今回の"出演"と新たな史実は、天然記念物比内鶏のすばらしさを全国に知ってもらうチャンスになるかも知れないと考え、さっそく撮影用比内鶏の支度に奔走した。プロダクションの希望に沿って2つがいを用立て、大館能代空港から羽田に向けて飛ばしたのが2日前。「卵も必要なんです。どうしても手に入らなければ普通の鶏卵で代用しますが」とも注文された。比内鶏の卵は一般の鶏卵に比べて一回り小さく、茶色である。「ドラマだから普通の卵でもいいのかも知れませんけど、ブラウン管の向こうではどんな人が見てるかわかりませんよ。卵もきちんと用意しましょう」と返し、10個を宅配で送った。そしてきょう夕方、4羽の比内鶏は松嶋さんとご対面し、撮影に入る。放送は4月28日、第18回という。

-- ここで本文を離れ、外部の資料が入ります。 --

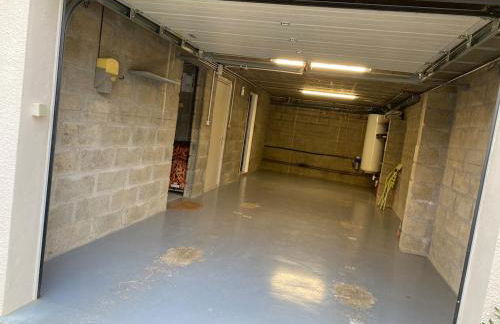 Quite House - Photo 32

500年近くも前、秋田北地方の比内鶏がまつに可愛がられていたというのは大きなロマン、と感慨に浸るのは私だけだろうか。これを地域興しや観光推進に何とか役立てられないものかと思案し、数日前、一つのアイデアを比内町役場職員に提案してみた。話は飛ぶが、大館といえば忠犬ハチ公の古里。大館に国内外から訪れた観光客からは「天然記念物の秋田犬を見たいのですけど、どこへ行ったら目にすることができるのですか」という疑問、不満が尽きなかった。これに応えようと、数年前、秋田犬会館敷地内に秋田犬舎が造られ、観光客がいつでも"生きた"秋田犬を見られる配慮をした。比内町を訪れた観光客が天然記念物比内鶏を見たいと思っても、かつての大館市同様、ちょっとやそっとではお目にかかれない。

そこで、その役場職員に「松嶋さんと"共演"する比内鶏を町に提供するので昨年暮れに完成した道の駅ひないの一角に観光用の鶏舎を造って、収録写真とともに多くの人に見てもらってはどうか。話題性もあるし、比内鶏のPRに一役買うのではないか」と提案した。これに対する彼の返答に落胆した。「比内鶏などというものは存在しない。あれは架空のものだ」というのである。信じられぬ返答に「はあ?」と、口を半開きにせざるを得なかった。問い質してみると、生まれてこの方、天然記念物比内鶏を見たことがないというのだ。そうなると、当然のことながら、比内鶏と食用に改良した比内地鶏との違いもわかるはずがない。

「比内町民で比内鶏を見たことがある人が何人いると思う? あんまりいないと思うよ」と、その職員は比内鶏と比内地鶏の違いを知らぬ"恥"を脇に押しのけ、開き直った。彼が最も肝心な部分を取り違えていることに、憤りを感じてしまう。天然記念物比内鶏を見たことがないとして、それが一般町民なら許せもしよう。が、比内鶏と比内地鶏を町活性化の起爆剤にしようという比内町の"尖兵"たる役場職員が「比内鶏を一度も見たことがない」では、洒落にならない。

「中央省庁や県職員などが視察で訪れ、あなたがその応対をしなけばならなくなり、比内鶏と比内地鶏の違いって何ですか、と訊かれたらどう答えるの?」とたたみ返したら、「その時は仕方がない。ほらを吹く」と答えたのには笑ってしまった。本当は笑い事ではなく、比内鶏、比内地鶏を町興しの切り札にしている町の職員の中に比内鶏と比内地鶏の違いすら知らぬ者がいること自体、「田舎役場なんてこんなものなのだろうな」と失望されかねない由々しき問題なのである。何のことはない。飼育農家のもとへ出向いて比内鶏と比内地鶏を並べて一見すれば、すぐに違いはわかる。それをしないところに、役場職員としての驕りと怠慢がある。

その職員は、道の駅の一角に鶏舎を設けて訪れた人に天然記念物比内鶏のすばらしさをアピールしては、という提案に「そんなことに大した意義は感じられない。第一、誰が比内鶏など見たくて道の駅に来るものか」と、鼻もひっかけなかった。ここで誤解していただきたくないのは、特定の役場職員を批判しているのではない。それが町役場職員のごく一般的な認識だとするなら、とうてい町興しなどおぼつかぬことを強調しているのである。少なくとも比内町では「たかが比内鶏」などと思っていないと信じたいし、思っているはずはない。ならばもっと勉強せよ、といいたい。

あす26、27日の2日間、比内鶏を核とする町興しイベント第18回「比内とりの市」が比内町民グラウンドで開かれる。戦乱の世に、まつが比内鶏を慈しんだという史実は知らなくても、比内鶏とはどのようなものであるかを職員はもとより町民、来町者に知らしめる努力を行政がふだんからきちんとしてこそ、そうしたイベントも真に価値あるものとして生きてくる。でないと、大河ドラマに出演するのも比内鶏ではなく、その辺のブロイラーで事足りてしまうし、まつが慈しんだ鶏も比内鶏である必然性すらなくなってしまうのである。